Apenas tomó su bolso esa mañana, supo que estaba incompleto el día. Aquello era un pulso, un toc-toc que no podía contener en sus sienes. No recordó la palabra. Solo sabía que los antiguos lo llamaban melancolía.
Ana estaba frente a la consola. El espejo reflejaba un cabello peinado al descuido; labios, rosa pálido, algo de blush en las mejillas; atuendo en orden. Ella no se miraba. Estaba absorta en la pequeña vasija de madera que contenía las llaves, hoy parecía más grande. Tomó el recibo y el sobre de manila puestos al lado. Miró el perchero, desprovisto de las rutinas que lo colmaron por años. Ya no estaría el saco, el morral de la laptop; la bufanda o alguna corbata rebelde.
Abrió la puerta del ascensor y tras de sí, un suspiro se fijó en la alfombra de entrada.
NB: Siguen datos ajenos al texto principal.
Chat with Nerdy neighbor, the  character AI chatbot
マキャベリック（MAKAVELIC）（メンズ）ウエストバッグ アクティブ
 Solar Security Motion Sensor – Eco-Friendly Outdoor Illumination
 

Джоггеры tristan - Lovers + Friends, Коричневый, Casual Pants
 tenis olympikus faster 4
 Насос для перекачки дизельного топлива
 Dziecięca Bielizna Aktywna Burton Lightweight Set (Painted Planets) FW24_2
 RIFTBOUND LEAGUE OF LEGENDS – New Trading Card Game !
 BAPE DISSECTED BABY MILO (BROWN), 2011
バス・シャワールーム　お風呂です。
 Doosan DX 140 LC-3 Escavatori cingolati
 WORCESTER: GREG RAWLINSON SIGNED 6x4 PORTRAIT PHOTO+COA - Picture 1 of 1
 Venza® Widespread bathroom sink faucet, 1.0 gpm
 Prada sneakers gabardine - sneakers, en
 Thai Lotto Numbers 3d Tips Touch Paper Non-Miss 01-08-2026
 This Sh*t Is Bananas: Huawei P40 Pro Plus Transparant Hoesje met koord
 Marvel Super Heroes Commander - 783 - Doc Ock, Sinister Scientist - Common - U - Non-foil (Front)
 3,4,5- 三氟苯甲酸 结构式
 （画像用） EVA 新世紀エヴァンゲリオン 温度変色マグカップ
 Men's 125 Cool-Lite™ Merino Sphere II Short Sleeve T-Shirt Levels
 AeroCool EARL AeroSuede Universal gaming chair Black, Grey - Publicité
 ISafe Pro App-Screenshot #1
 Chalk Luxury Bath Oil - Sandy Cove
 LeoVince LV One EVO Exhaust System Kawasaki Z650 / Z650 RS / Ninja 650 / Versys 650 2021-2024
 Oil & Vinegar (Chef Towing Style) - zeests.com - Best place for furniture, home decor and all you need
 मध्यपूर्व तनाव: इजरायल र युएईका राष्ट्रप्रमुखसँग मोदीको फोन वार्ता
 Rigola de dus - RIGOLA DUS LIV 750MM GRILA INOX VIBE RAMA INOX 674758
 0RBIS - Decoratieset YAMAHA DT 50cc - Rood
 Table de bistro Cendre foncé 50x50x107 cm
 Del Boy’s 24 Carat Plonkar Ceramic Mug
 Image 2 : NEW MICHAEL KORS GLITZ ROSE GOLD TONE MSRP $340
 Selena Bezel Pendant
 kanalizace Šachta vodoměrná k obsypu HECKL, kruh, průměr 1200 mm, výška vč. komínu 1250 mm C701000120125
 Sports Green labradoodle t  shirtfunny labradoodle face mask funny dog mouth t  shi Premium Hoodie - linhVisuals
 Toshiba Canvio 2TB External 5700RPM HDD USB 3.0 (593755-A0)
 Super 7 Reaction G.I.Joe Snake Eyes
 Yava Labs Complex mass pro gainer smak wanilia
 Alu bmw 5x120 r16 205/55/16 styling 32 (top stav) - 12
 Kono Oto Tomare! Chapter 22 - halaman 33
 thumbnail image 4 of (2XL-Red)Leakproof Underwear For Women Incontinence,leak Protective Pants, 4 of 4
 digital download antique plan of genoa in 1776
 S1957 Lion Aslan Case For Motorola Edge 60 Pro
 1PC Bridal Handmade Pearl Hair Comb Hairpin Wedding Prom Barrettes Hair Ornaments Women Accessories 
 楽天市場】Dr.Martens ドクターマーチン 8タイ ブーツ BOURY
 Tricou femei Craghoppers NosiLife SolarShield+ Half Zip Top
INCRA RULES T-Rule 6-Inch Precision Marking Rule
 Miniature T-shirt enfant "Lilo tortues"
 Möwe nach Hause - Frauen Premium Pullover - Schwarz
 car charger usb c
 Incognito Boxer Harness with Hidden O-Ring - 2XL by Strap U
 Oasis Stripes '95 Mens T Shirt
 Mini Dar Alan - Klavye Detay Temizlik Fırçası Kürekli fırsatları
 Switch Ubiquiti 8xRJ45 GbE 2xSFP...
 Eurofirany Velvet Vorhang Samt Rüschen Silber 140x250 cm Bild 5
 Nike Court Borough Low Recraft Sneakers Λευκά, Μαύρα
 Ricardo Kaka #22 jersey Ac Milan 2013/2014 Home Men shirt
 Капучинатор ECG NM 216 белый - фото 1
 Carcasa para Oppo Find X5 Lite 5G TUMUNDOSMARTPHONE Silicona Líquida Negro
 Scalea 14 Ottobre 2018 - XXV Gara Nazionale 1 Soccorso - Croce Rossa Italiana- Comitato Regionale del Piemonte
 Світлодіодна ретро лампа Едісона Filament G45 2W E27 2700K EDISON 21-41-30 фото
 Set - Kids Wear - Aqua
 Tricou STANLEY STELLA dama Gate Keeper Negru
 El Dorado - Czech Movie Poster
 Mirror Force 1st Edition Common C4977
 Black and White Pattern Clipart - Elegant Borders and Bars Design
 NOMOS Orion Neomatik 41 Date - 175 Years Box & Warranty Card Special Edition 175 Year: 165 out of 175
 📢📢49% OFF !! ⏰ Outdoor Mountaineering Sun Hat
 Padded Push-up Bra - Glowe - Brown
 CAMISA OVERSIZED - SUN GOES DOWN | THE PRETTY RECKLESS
Dos días atrás había recibido aquel correo con fotos expresas y el mensaje de tinte definitivo que pondría en retroceso largas conversaciones de planes maravillosos.
No es necesario decir que la traición es una daga que corta, de forma precisa, una raíz de roble. Además ella no merece que hagamos público su dolor. Aquí quedamos nosotros, esperando cada tarde que ella vuelva a ocupar los espacios, ahora muy silentes. La cocina, frugal; el aposento, gélido; el salón, inhóspito. El apartamento se encoge en ella, arropándole en su tristeza.